Which leaves Mykhailiuk, who’s taken leaps and bounds in his second season when given an opportunity. In the five games before Wednesday’s loss to Milwaukee, Mykhailiuk three times set career scoring highs with 12, 13 and 15 points. He’s shooting 42 percent from the 3-point arc. In many respects, he’s providing the Pistons second unit the qualities Casey saw as integral to their success when he decided to have Kennard come off the bench to start the season.

“He gives Derrick another ballhandler with the second unit,” Casey said. “Derrick, he’s had Kirk Hinrich as a point guard with him and I think that helps Derrick. I don’t know if he’ll ever admit that, but I think it will help him with another ballhandler, give him rest off the ball some when he’s in the game.”

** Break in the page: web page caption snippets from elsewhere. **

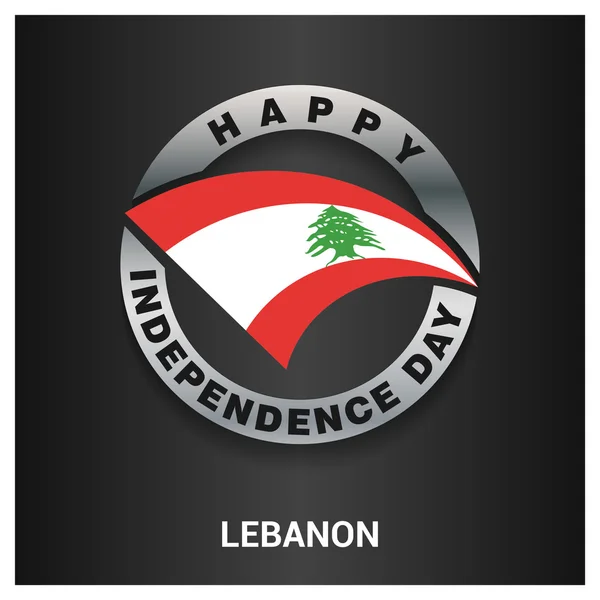 Libanon Onafhankelijkheidsdag badge — Stockvector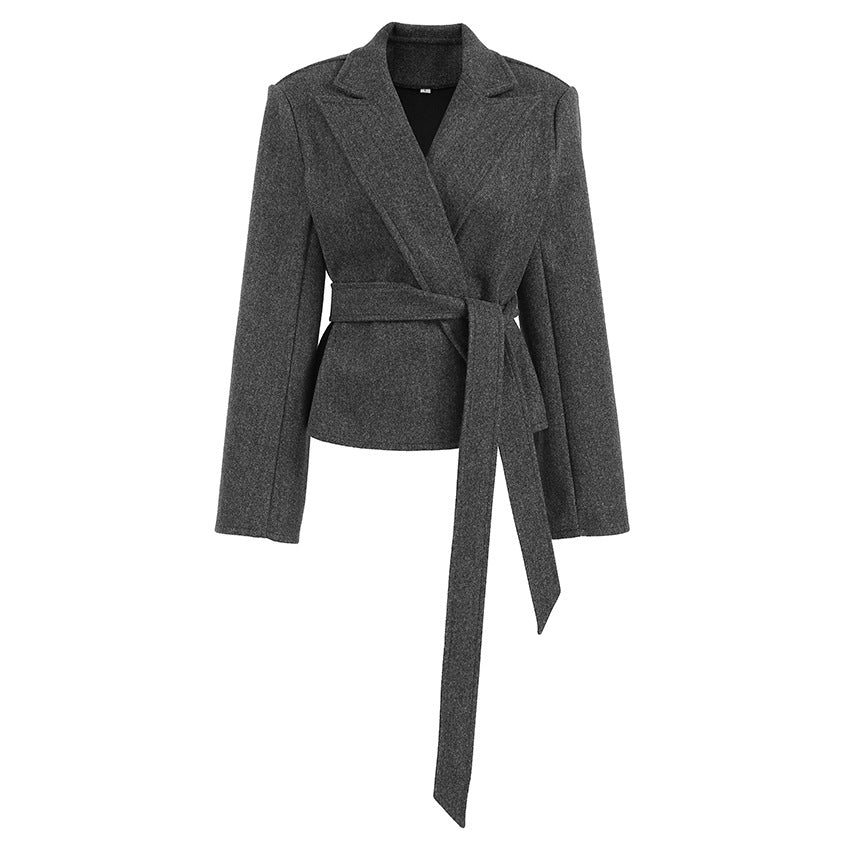 Blazer court AMBRE taille lacée à manches longues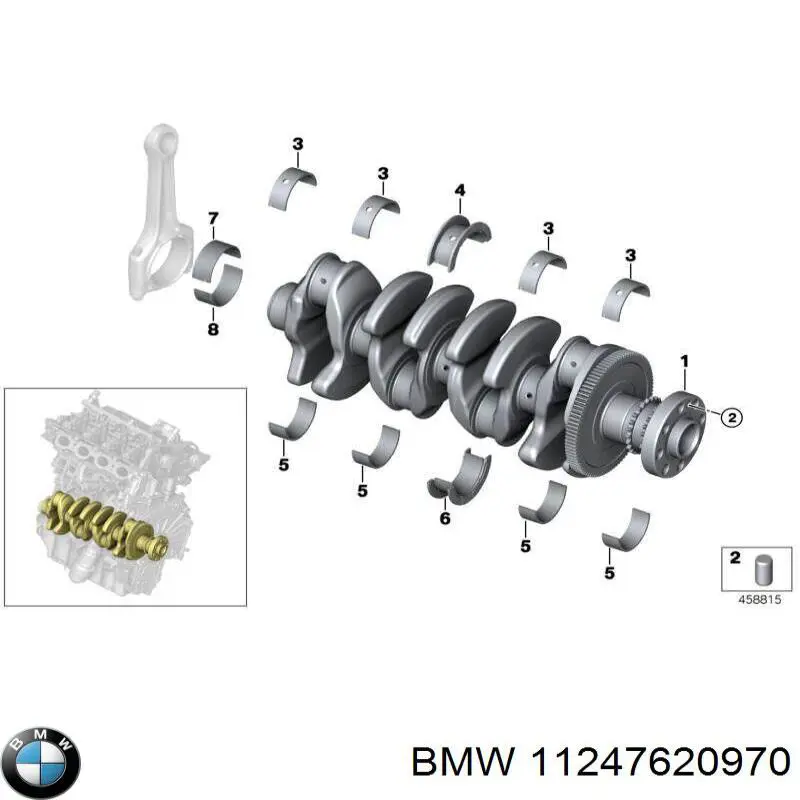 11247620970 BMW Panewki korbowodowe wału korbowego, zestaw, 1. naprawa (+0,25)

When Kennard missed Wednesday’s loss with knee soreness – in itself, a useful reminder that these decisions often sort themselves out – it was Mykhailiuk who filled in for him, just as he’d assumed Kennard’s role with the second unit Kennard had filled. Casey explained it afterward, citing two factors: the starters needed the extra ballhandler and it was a way for him to better manage the minutes of Galloway, who wound up playing 38.

Like Kennard, Mykhailiuk has the ability to be a pick-and-roll ballhandler and use his vision and size to be the rare distributor from a wing position.

“Both of ’em run the pick and roll. Svi is as big as Luke as far as his height and size,” Casey said. “Probably just as athletic. Svi has a good feel of the floor. He sees the floor in a pick-and-roll situation. Both of them are very similar from that standpoint.”

Mykhailiuk played all of his freshman season at Kansas as a 17-year-old and after four years in Lawrence and 1½ in the NBA he’s still only 22. At Kansas, he was tasked with defending at power forward, so the defensive adjustment for him has been as daunting as anything else. But the raw offensive skill set – the deep shooting range, the ballhandling and vision in a 6-foot-7 package – is rare and tantalizing.

Casey saw signs last summer of Mykhailiuk breaking out after a rookie season that included both a trade – the Pistons acquired him and a second-round pick ahead of the trade deadline in a deal for pending free agent Reggie Bullock – and a season-ending hand injury shortly after coming over from the Lakers. He surged ahead of Khyri Thomas in preseason for the next-man-up spot in the wing rotation and seized on opportunity when Jackson’s injury and Brown’s shift to point guard created one.

“He’s in the gym every single day working on his game,” Galloway said. “In there early before everybody gets there. It’s been great to see. He’s working on coming off pick and rolls and knocking down shots. That’s what we need from him. Hope to see that the rest of the year.”